── Material for this exercise ──

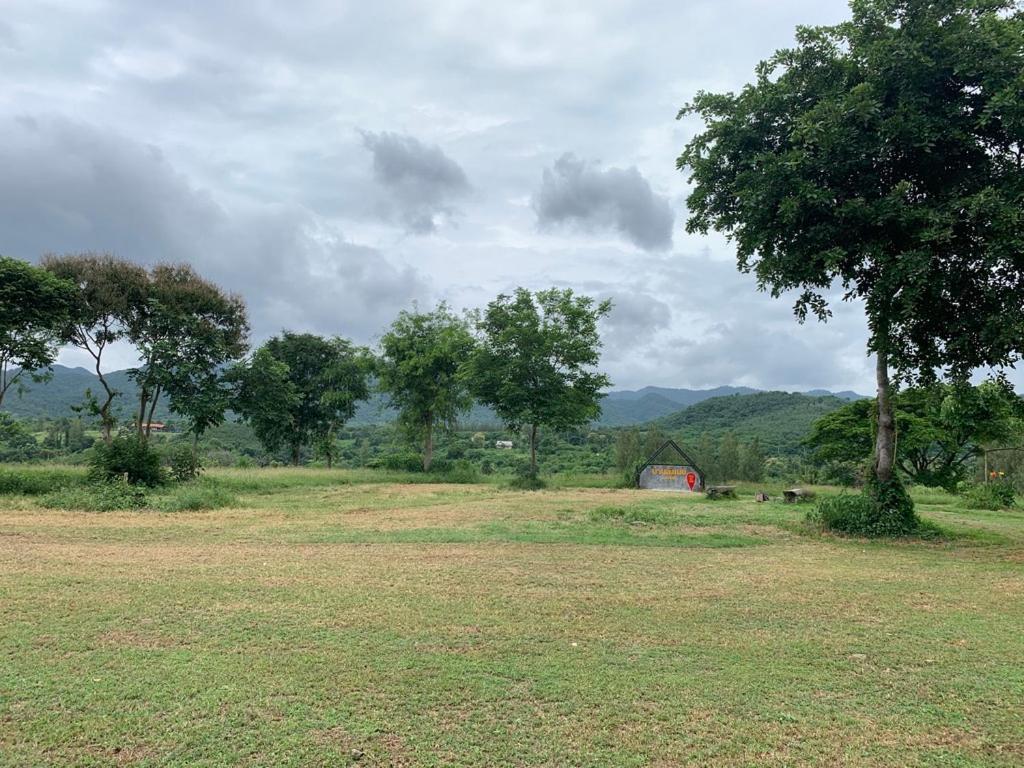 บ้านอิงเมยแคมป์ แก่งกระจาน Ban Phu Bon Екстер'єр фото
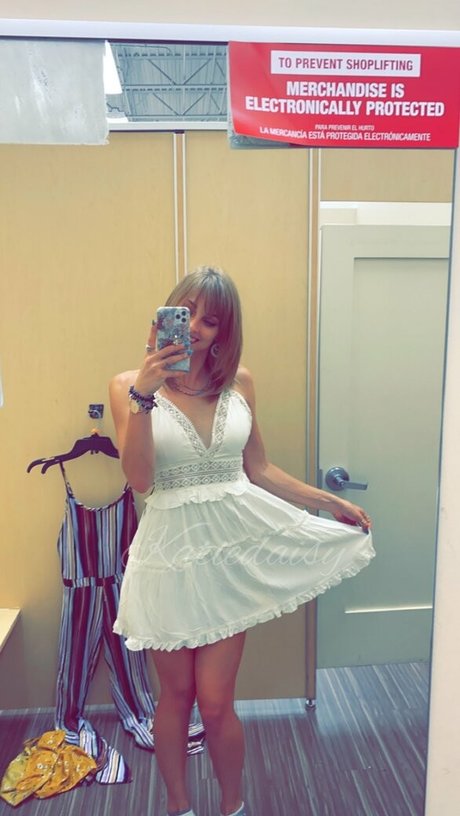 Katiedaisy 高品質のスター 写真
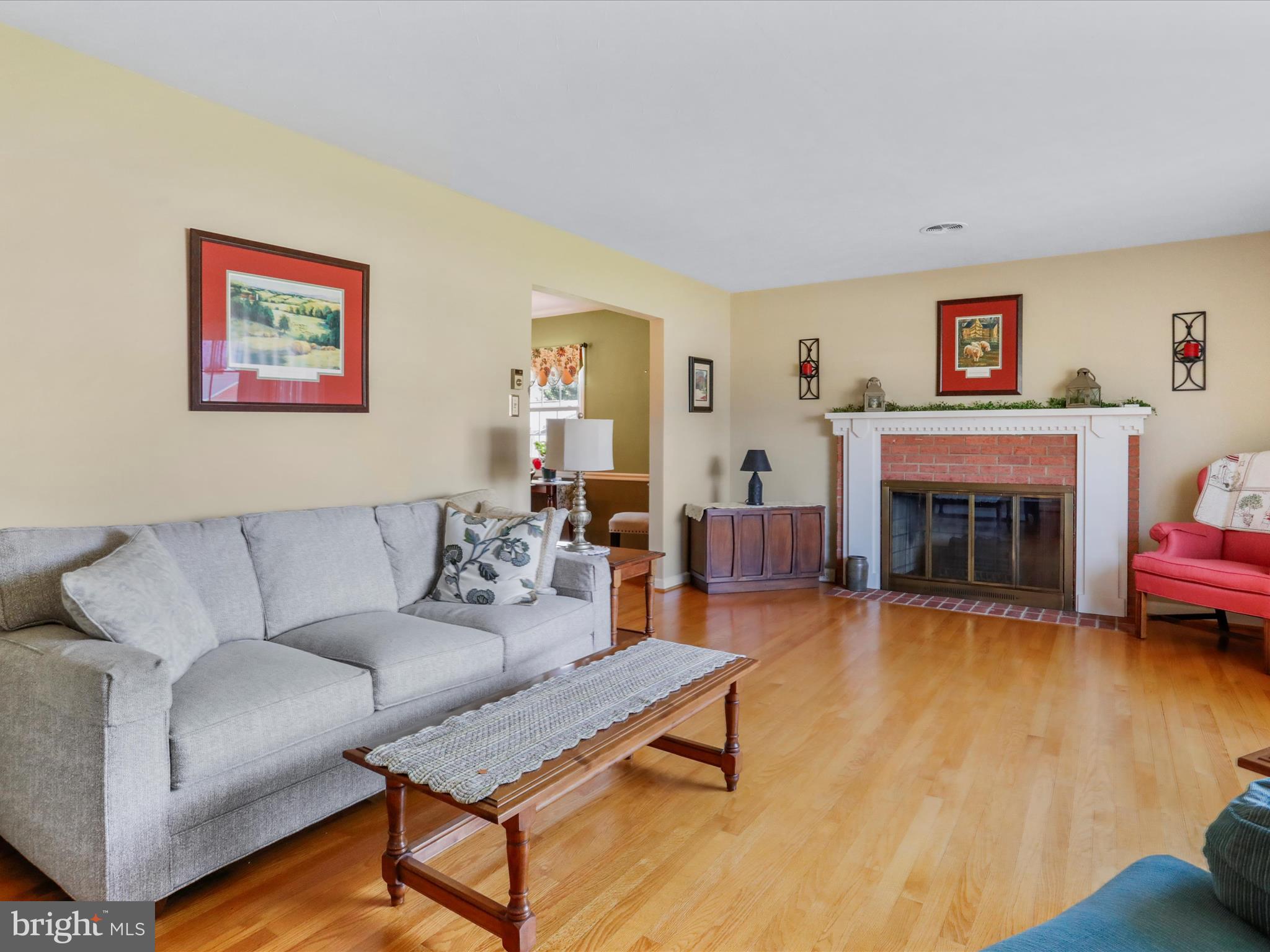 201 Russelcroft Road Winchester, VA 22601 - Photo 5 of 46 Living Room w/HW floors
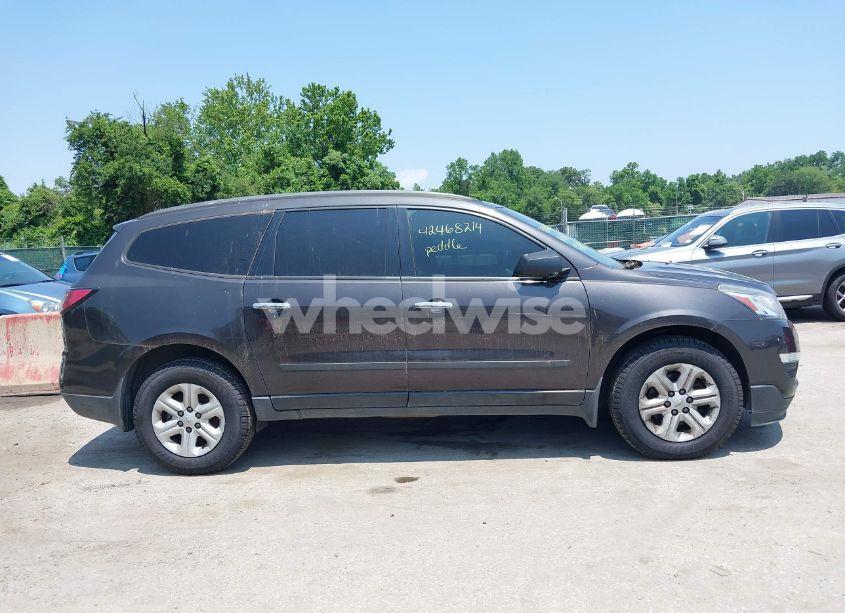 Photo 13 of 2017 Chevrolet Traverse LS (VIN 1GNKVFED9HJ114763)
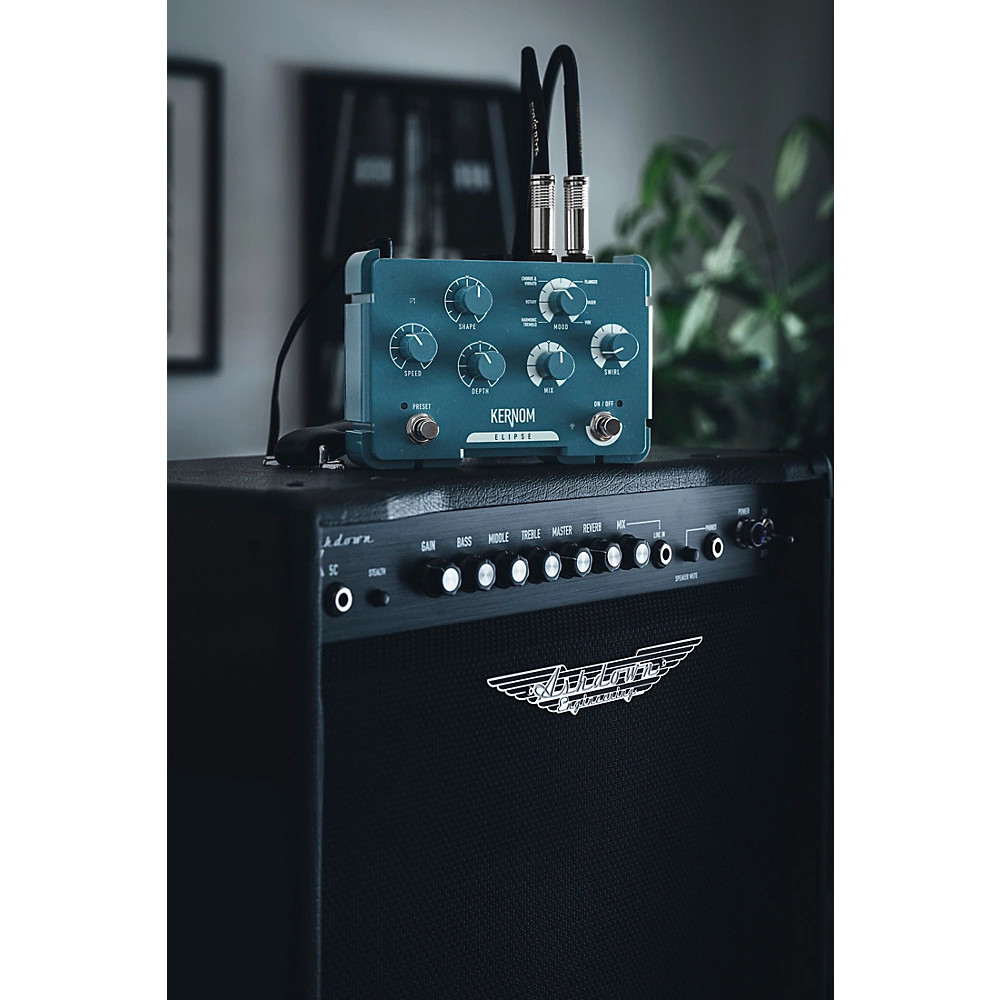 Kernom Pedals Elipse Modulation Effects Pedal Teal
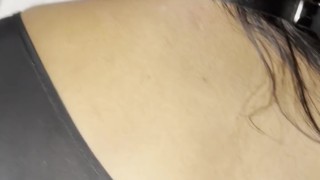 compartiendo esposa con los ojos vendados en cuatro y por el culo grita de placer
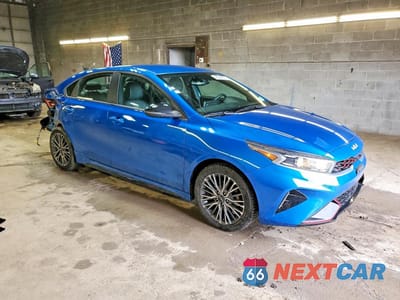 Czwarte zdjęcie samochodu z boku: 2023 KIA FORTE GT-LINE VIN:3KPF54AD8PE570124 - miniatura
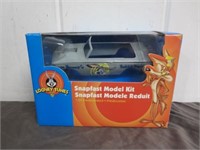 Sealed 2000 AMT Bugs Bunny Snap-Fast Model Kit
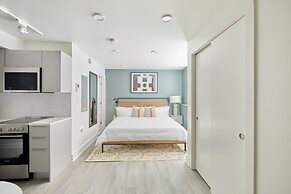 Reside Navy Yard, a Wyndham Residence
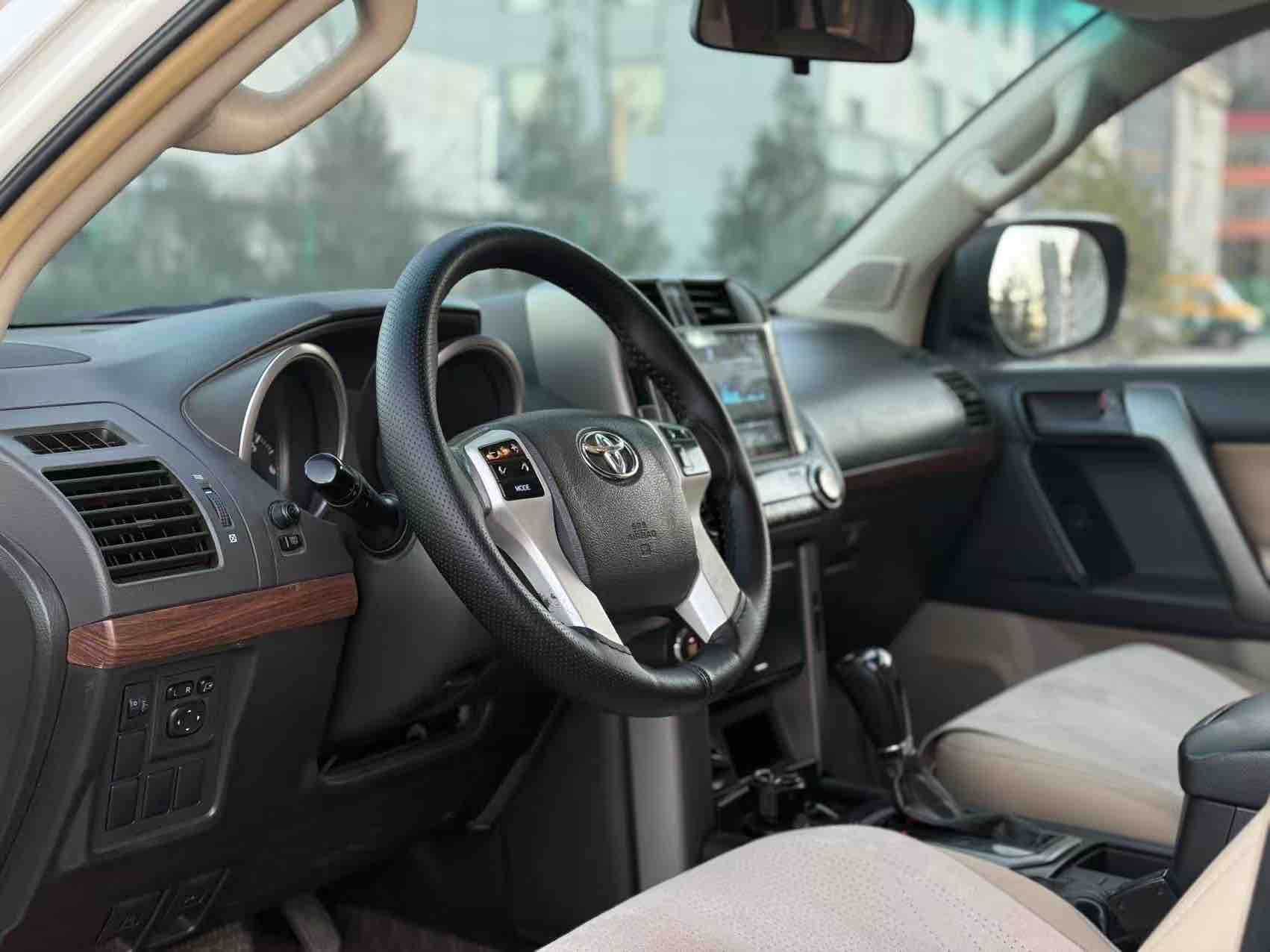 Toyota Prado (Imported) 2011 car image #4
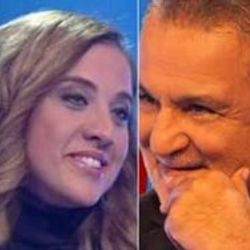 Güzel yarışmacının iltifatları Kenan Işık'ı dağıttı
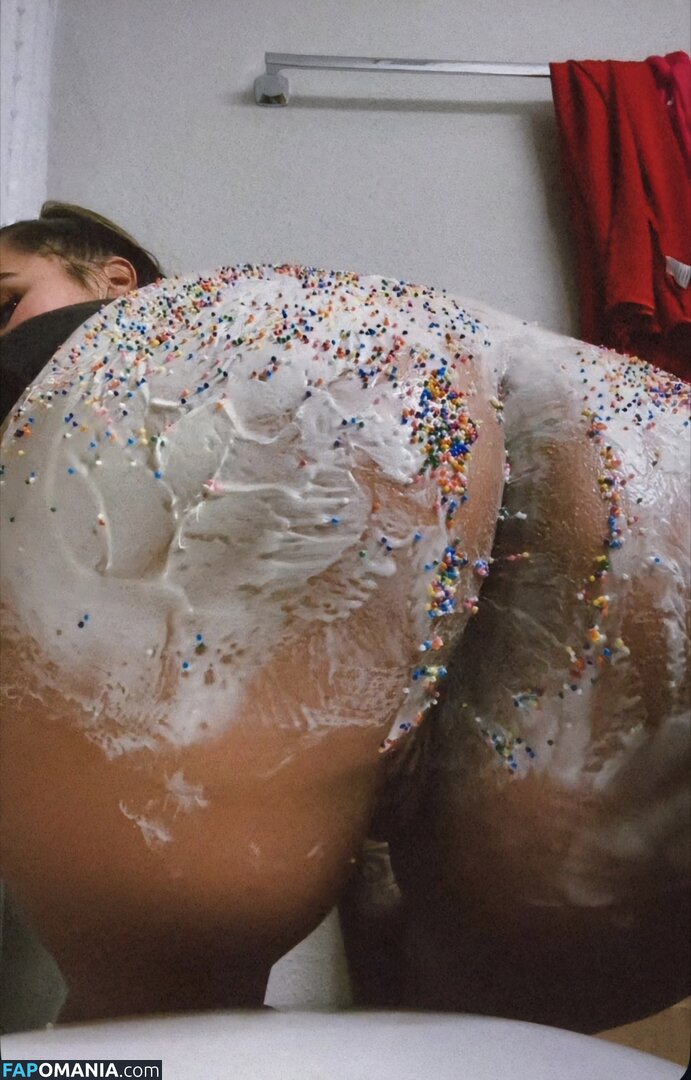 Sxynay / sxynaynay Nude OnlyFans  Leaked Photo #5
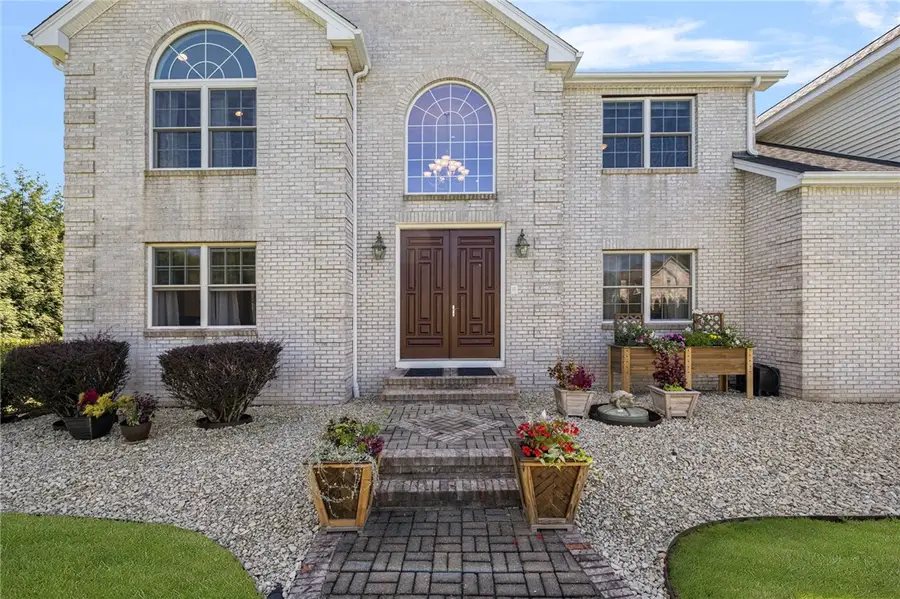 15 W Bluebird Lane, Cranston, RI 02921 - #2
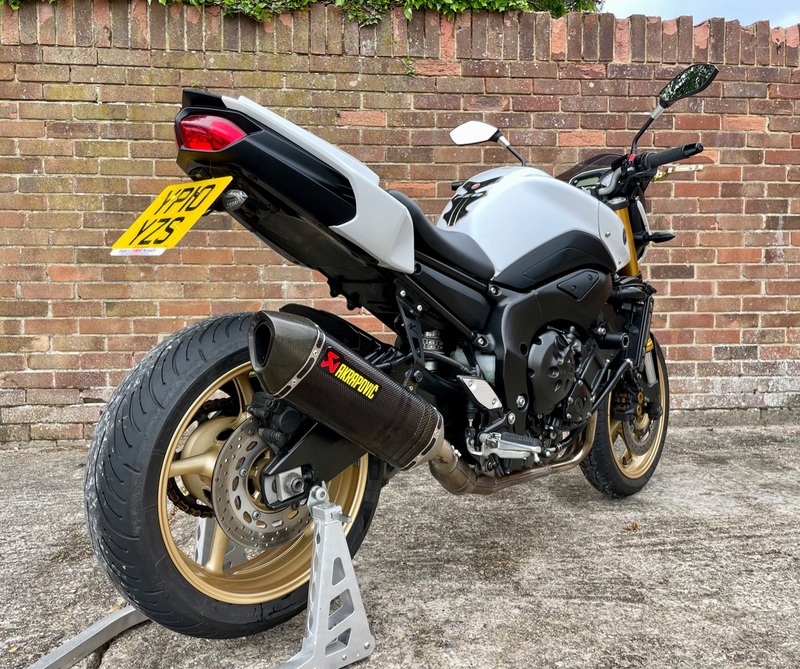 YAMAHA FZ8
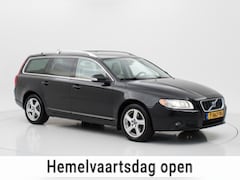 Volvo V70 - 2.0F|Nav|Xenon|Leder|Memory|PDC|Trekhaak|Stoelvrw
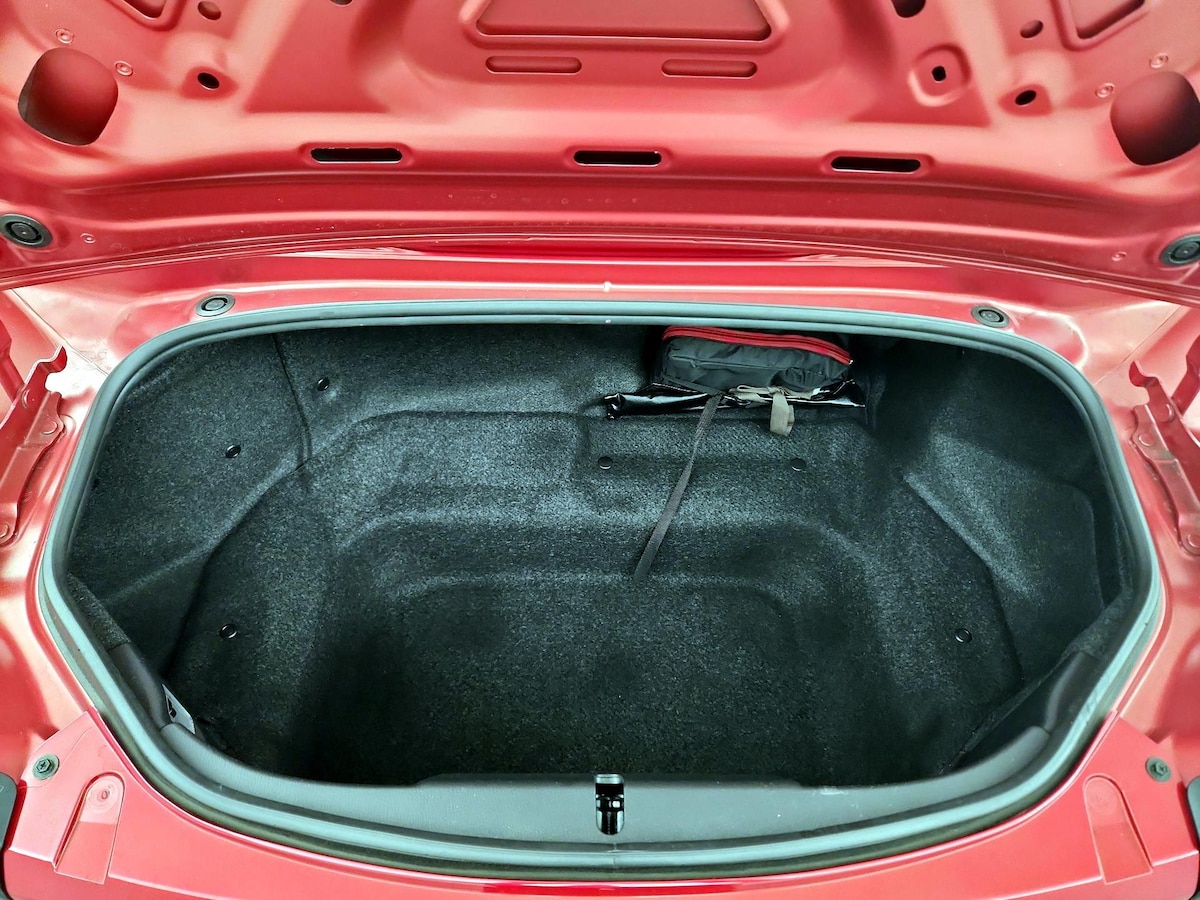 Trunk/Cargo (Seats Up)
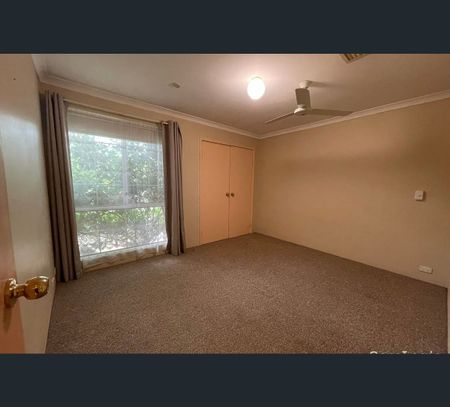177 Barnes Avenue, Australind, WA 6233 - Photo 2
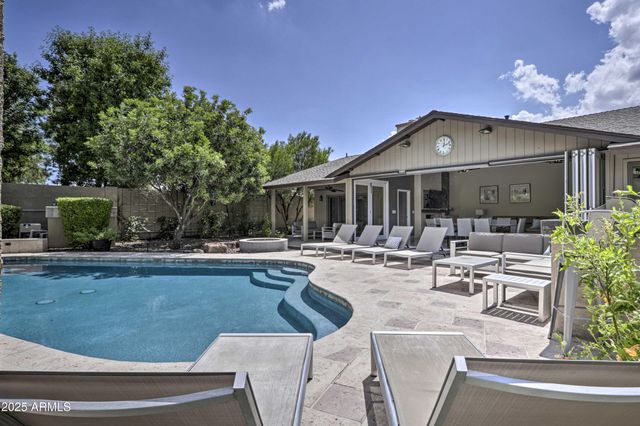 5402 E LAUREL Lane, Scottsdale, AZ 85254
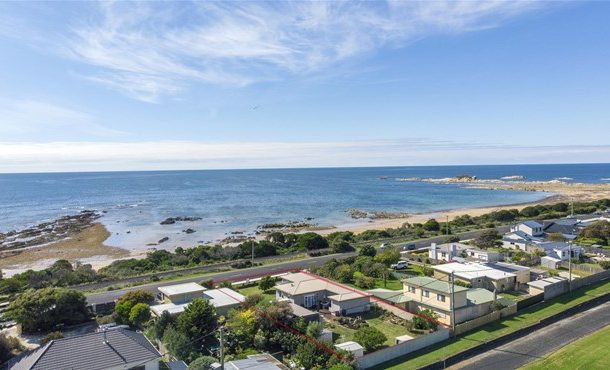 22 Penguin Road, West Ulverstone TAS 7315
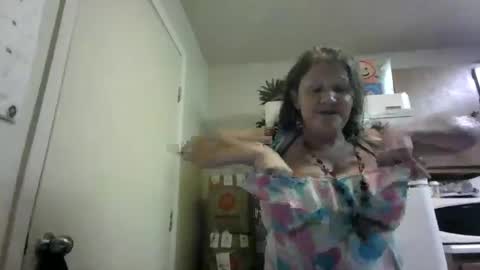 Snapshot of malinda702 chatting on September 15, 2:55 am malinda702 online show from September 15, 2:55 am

───

● **Instructions for the task**
Write out exactly the lines above between the one with "compartiendo esposa con" and the one with "22 Penguin Road, West Ulverstone TAS 7315", inclusive, with pictures left out.

● **Solved problem**
 compartiendo esposa con los ojos vendados en cuatro y por el culo grita de placer
 Czwarte zdjęcie samochodu z boku: 2023 KIA FORTE GT-LINE VIN:3KPF54AD8PE570124 - miniatura
 Sealed 2000 AMT Bugs Bunny Snap-Fast Model Kit
 Reside Navy Yard, a Wyndham Residence
 Toyota Prado (Imported) 2011 car image #4
 Güzel yarışmacının iltifatları Kenan Işık'ı dağıttı
 Sxynay / sxynaynay Nude OnlyFans  Leaked Photo #5
 15 W Bluebird Lane, Cranston, RI 02921 - #2
 YAMAHA FZ8
 Volvo V70 - 2.0F|Nav|Xenon|Leder|Memory|PDC|Trekhaak|Stoelvrw
 Trunk/Cargo (Seats Up)
177 Barnes Avenue, Australind, WA 6233 - Photo 2
 5402 E LAUREL Lane, Scottsdale, AZ 85254
 22 Penguin Road, West Ulverstone TAS 7315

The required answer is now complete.